With 23.52% gross NPAs, the bank has among the highest stressed loans in the industry though down from 28.72% a year ago. However with a provision coverage of 97.08% it has covered for most of its stress.

“There was some apprehension that the loans under moratorium will be high post Covid with about 5 to 6% restructured but we have been able to keep it at 2.5% of our book. Similarly, loans that are not classified as NPAs due to the Supreme Court (SC) order are less than 2% of standard advances,” Sharma said.

If not for the SC order the bank’s gross NPAs would have been 24.33% of its loans.

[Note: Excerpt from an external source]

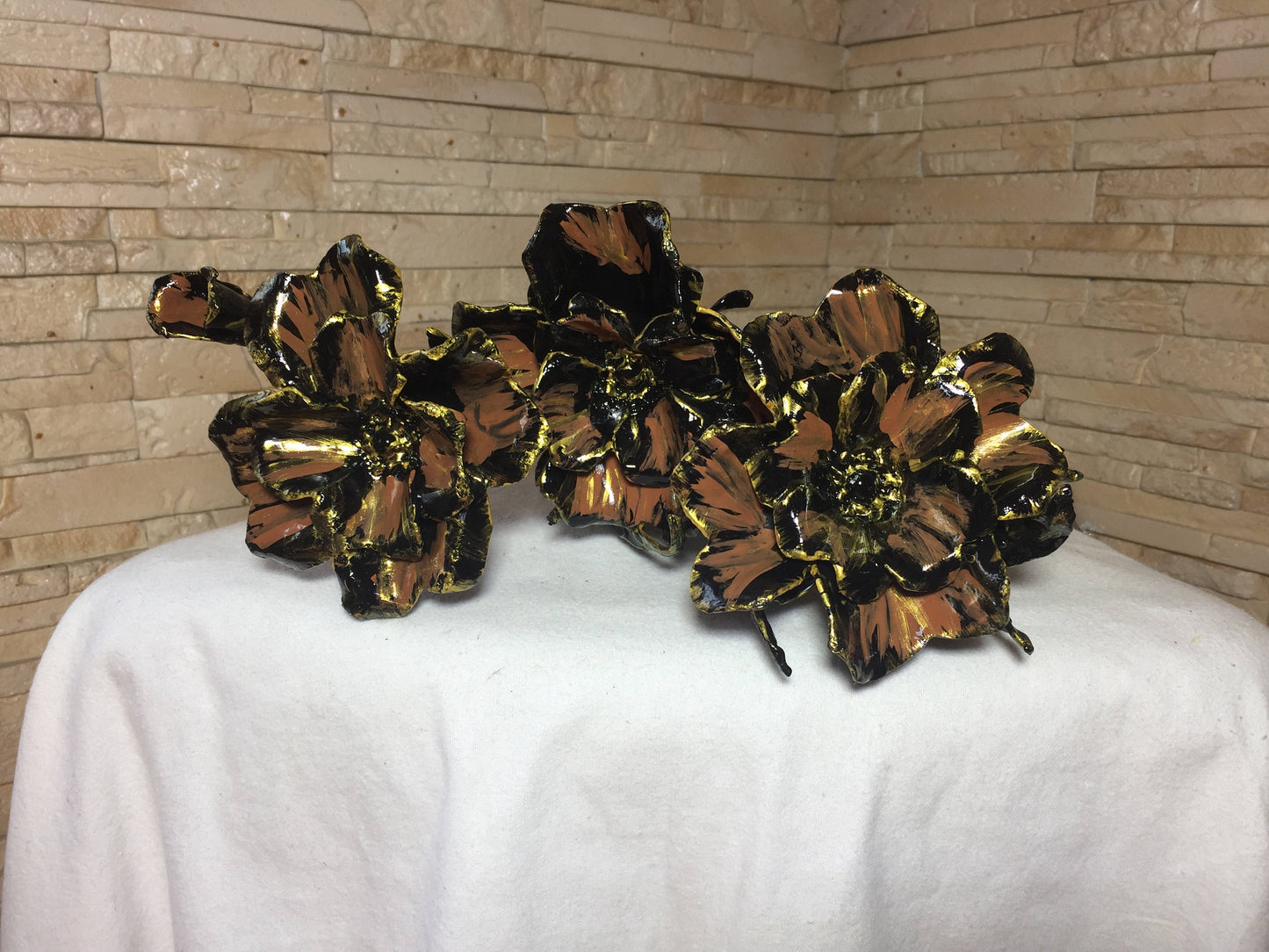 Poppy, poppies, hand forged poppy, metal flower, iron poppy, metal poppy, bouquet of poppies, bouquet of flowers, wedding flower,steel poppy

The bank’s income rose despite a 7% year on year fall in loan book to Rs 1.59 lakh crore from Rs 1.72 lakh crore a year ago mainly because cost of funds fell 99 basis points to 4.39% from 5.38% last year.

IDBI has made a total of Rs 436 crore of Covid 19 related provisions and separately made Rs 340 crore for restructure loans under the RBI framework. Another Rs 369 crore has been made for accounts not classified as NPAs due to the SC stay including Rs 84 crore for reversal of interest.

“We have already restructured Rs 704 crore of loans and another Rs 2256 crore is in the pipeline. So the total restructured loans are at Rs 2960 crore or 2.42% of standard assets much lower than the 5% to 6% which was expected,” Sharma said.

Going forward the bank expects a recovery in retail loans led by mortgages. Sharma said he expects retail loans to grow at 10% to 12% in the next fiscal year up from the 4% to 5% growth likely this year.